Single by Slade

from the album We'll Bring the House Down
- B-side: "Not Tonight Josephine"
- Released: 27 March 1981
- Recorded: 1979
- Genre: Rock
- Length: 3:37
- Label: Cheapskate
- Songwriters: Noddy Holder; Jim Lea;
- Producer: Slade

Slade singles chronology
| "We'll Bring The House Down" (1981) | "Wheels Ain't Coming Down" (1981) | "Knuckle Sandwich Nancy" (1981) |

Audio sample
- file; help;

= Wheels Ain't Coming Down =

"Wheels Ain't Coming Down" is a song by the British rock band Slade, released in 1979 as the opening track from their eighth studio album Return to Base. The song was written by lead vocalist Noddy Holder and bassist Jim Lea, and produced by Slade. In 1981, the song re-appeared on the band's follow-up album We'll Bring the House Down and was released as the second single from it on 27 March, which reached No. 60 in the UK.

==Background==
"Wheels Ain't Coming Down" was released as the opening track on Return to Base, which was a commercial failure in 1979; a period when the band's popularity was low.
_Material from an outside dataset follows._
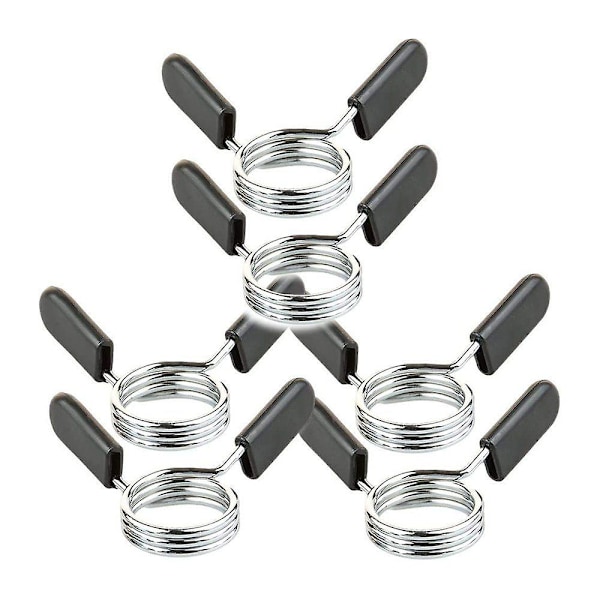 Hantel stang fjær lås 6 stk vektløfting klemmer for manualer vektløfting manual feste (30 mm)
The song also appeared on the 1980 extended play Six of the Best, which also failed to chart. In 1980, the band's fortunes were revived after a performance at Reading Festival. To capitalise on the new interest in the band, the album We'll Bring the House Down was released in March 1981, which featured a number of tracks re-used from Return to Base, including "Wheels Ain't Coming Down". Following up the Top Ten hit "We'll Bring the House Down", the band decided to release "Wheels Ain't Coming Down" as a single in March 1981. It reached No. 60, lasting three weeks on the chart.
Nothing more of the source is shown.